SCOM 2012: Webconsole fails to load after upgrade

In my recent session I’ve showcased an error I encountered when upgrading my SCOM2007R2 environment to SCOM2012beta.

After the upgrade was finished successful I performed my standard after migration health check and opened my web console to check out the new features of the SCOM 2012 console.

Only to find out this very “nice” cryptic error message:


Apparently this is because the ASP.NET version was installed after the IIS role and the new web app “SCOM 2012 Web Console” was never registered to use this version of ASP.NET with the IIS role.

So what are we going to do now… well euhm… Fix it Smile

Open an elevated command prompt (make it a habit, this will save you a lot of trouble in your live)


Open explorer and browse to “c:\windows\\Framework64\v4.0.30319\”

Note: Make sure you use your installed framwork and version


Locate the file aspnet_regiis.exe and drag it into your elevated command prompt and add the switch –iru at the end as shown below. printscreen0053

This actually will reinstall the ASP.NET version into the IIS sites so they can all use the new version. Sites which already use the new version are left untouched.printscreen0054

Finished installing… So we’ll see what happened to our console!


Well it’s loading up fine at this point Smile

Note: You’ll need to have Silverlight installed. If you don’t have it on your machine a nice kind message will appear whether you want to install it. I’ve installed it in advance as it is one of the prerequisites.


There we have our nice brand new shiny Scom 2012 web console which we can start exploring Smile

SCOM 2012: Upgrade failed with error 0x80070005

During the prep of my lab I came across an error which was in fact not this very common so I’ve decided to share my solution with you to save you some trouble when performing this in your environment.
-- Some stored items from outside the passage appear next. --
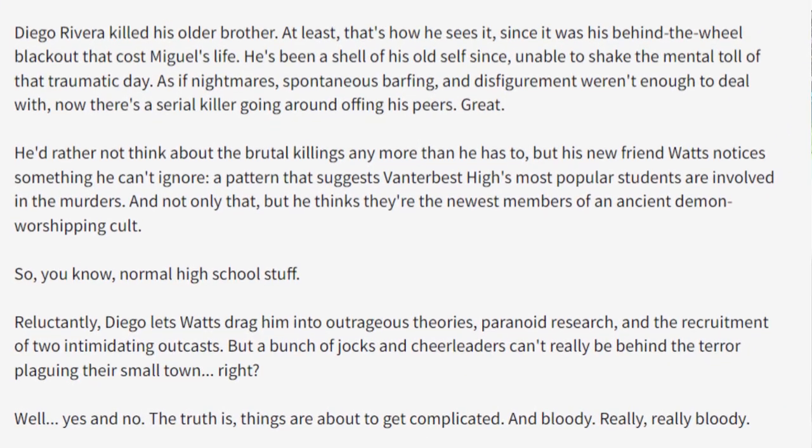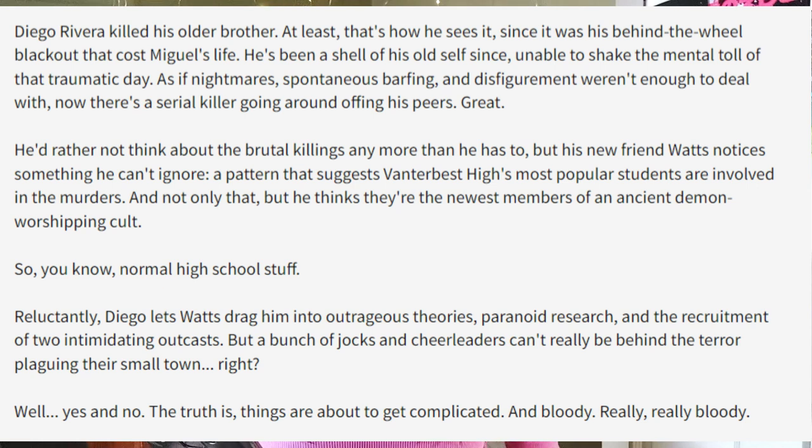Then we get into the longer part of the description: 'Diego Rivera killed his older brother. At least that's how he sees it, since it was his behind-the-wheel blackout that cost Miguel's life. He's been a shell of his old self since, unable to shake the mental toll of that traumatic day. As if nightmares, spontaneous barfing, and disfigurement weren't enough to deal with, now there's a serial killer going around and offing his peers. Great. He'd rather not think about the brutal killings any more than he has to, but his new friend Watts notices something he can't ignore — a pattern that suggests Vanderbest High's most popular students are involved in the murders. And not only that, but he thinks they're the newest members of an ancient demon-worshipping cult. So, you know, normal high school stuff. Reluctantly, Diego lets Watts drag him into his outrageous theories, paranoid research, and the recruitment of two intimidating outcasts. But a bunch of jocks and cheerleaders can't really be behind the terror plaguing their small town, right? Well, yes and no. The truth is, things are about to get complicated. And bloody. Really, really bloody.'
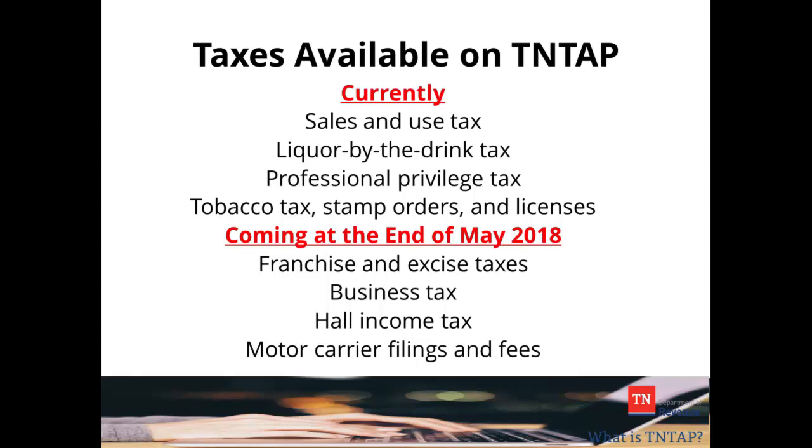Beginning at the end of May 2018, franchise and excise taxes, business tax, haul income tax, and motor carrier filings and fees will be added to 10TAP's filing and payment options.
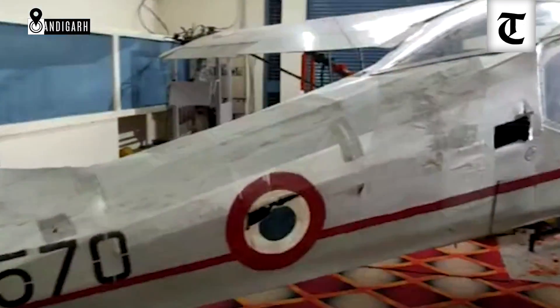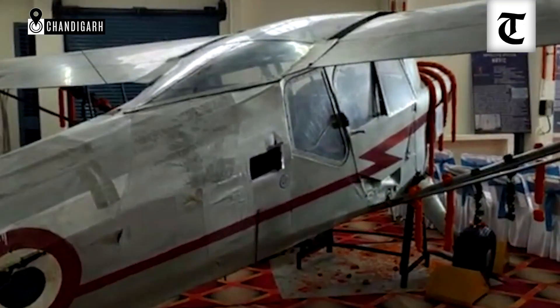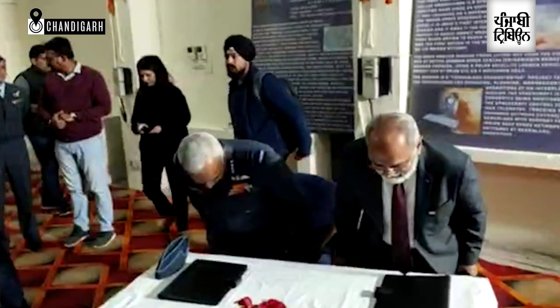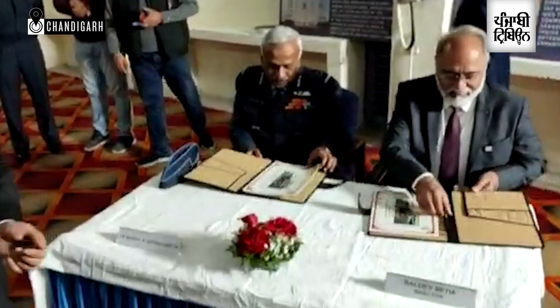We are getting more and more heritage aircraft. So we will try to put as many aircraft as possible — smaller in size, of different types — to make that heritage centre attractive enough for people to come and see.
After running through the entire installation wizard my upgrade process started fine… But after 10 minutes…printscreen0036

After restarting the process I was left with a broken SCOM2007R2 and SCOM2012 not installed. SQL Reporting services were broken so I had to revert my machine back to a snapshot I took earlier on and started all over again…

Now the solution so you shouldn’t have to go through the whole process of troubleshooting.
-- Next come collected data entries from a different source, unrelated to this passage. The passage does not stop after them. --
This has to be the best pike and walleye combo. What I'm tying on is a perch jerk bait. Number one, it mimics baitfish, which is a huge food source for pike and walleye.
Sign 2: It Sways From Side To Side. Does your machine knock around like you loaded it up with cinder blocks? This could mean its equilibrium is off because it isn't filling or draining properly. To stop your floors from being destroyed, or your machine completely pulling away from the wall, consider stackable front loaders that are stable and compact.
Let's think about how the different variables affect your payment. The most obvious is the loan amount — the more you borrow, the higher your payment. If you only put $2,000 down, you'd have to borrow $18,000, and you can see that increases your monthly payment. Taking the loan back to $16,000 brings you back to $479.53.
After checking the log file I found the following cause of my initial failing of the upgrade:


“System.UnauthorizedAccessException, Exception Error Code: 0x80070005, Exception.Message: Access to the path ‘MOMAspNet.msi’ is denied.”

This in fact is your msi which is used when you install the agents. I’ve checked the rights and they were all good.

Delete folder: “C:\Program Files\System Center Operations Manager 2007\AgentManagement”

The installation went through after this.

After your upgrade this folder will be replaced anyway by the new SCOM2012 agent install packages so it’s safe to delete this before upgrade.

Another little step towards our brand new shining SCOM2012 environment Smile

SCOM 2012: Run WebConsole in different application pool

During my session on how to prepare yourself I’ve showcased some tips and tricks which will make your live much easier when you upgrade your existing SCOM 2007 R2 installation to SCOM2012.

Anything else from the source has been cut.